The Circus Queen Murder (1933)

I've seen so many detective movies that it's a rare joy to find a new detective, especially one that made more than one film appearance. This one features Adolphe Menjou as New York District Attorney Thatcher Colt, who for some reason keeps getting referred to as the police commissioner too. He's been busy in New York, so much so that he apparently hasn't had a day off in six years, so he heads out on a well earned holiday in which he wants precisely nothing to do with work. He doesn't care where he goes, so he throws a dagger at a map of the state and ends up in Gilead, with his trusty right hand man (who given that this is a precode, is a highly capable woman) in tow. Ruthelma Stevens is excellent.

Naturally Gilead doesn't work out quite how he expects.
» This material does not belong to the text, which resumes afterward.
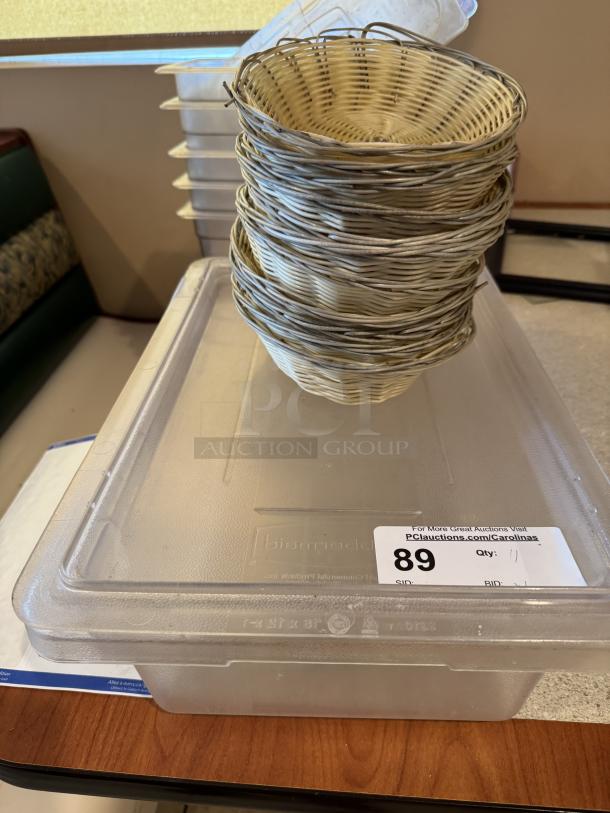 Large acrylic container with lid, includes 10 stackable bread baskets. Slight wear visible. Auction tag with lot number 89.
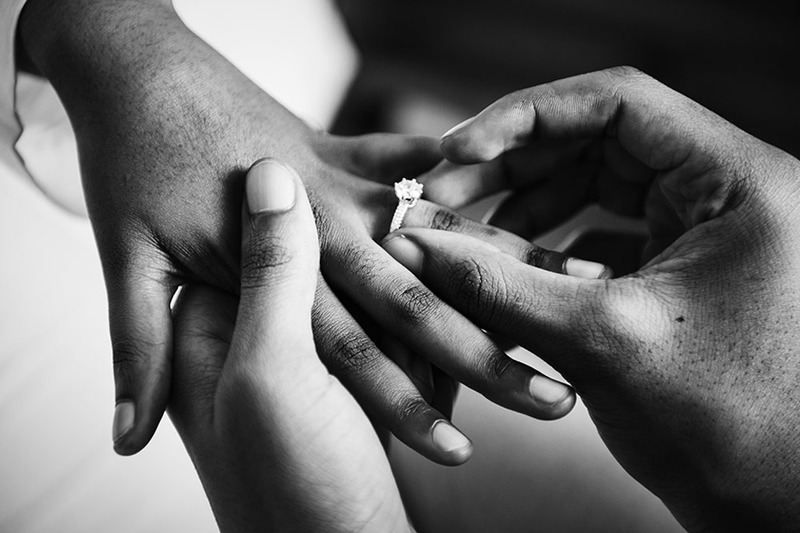 Close up black and white photo of a groom placing a wedding ring on the bride's hand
There's a circus rolling into town, the Greater John T Rainey Shows, with a friend on board who recognises him and asks for help. It would seem that strange things are afoot under the big top and they centre around the leading lady of the show: Josie La Tour, played by Norwegian actress Greta Nissen. There are death threats for all the stars, including her, but her estranged husband Flandrin is missing, her beloved dog is killed and a voodoo doll with a pin through it is thrown into her trailer. There are lions, cannibals and the inevitable gorilla, and it's Friday the 13th to boot.

Given that Flandrin is played by horror legend Dwight Frye, I'm sure it won't come as much of a surprise to find that he's playing an apparent lunatic whose wife doesn't just want to divorce him, she wants to commit him to an asylum. He's great to watch as he always was, though he never did find another role as joyous as Renfield. At least he has a much better costume than his rival, the Great Sebastian, who looks like a cross between Satan and Wonder Woman, hardly the manly look he was aiming for.

This is a colourful detective yarn but one that doesn't hold too many surprises. What's most surprising is the fact that DA Thatcher Colt really doesn't do much. He takes charge as requested but completely fails to prevent the murder of the title, which doesn't follow tradition by happening at the beginning, waiting for most of the way through. He does some decent detective work to unravel Flandrin's movements but there's never any doubt of what's going to happen and who's going to do it, and the last fifteen minutes is a huge disappointment except for Frye. I was more impressed with the highly capable lipreading assistant, who would certainly not have been a woman a couple of years later.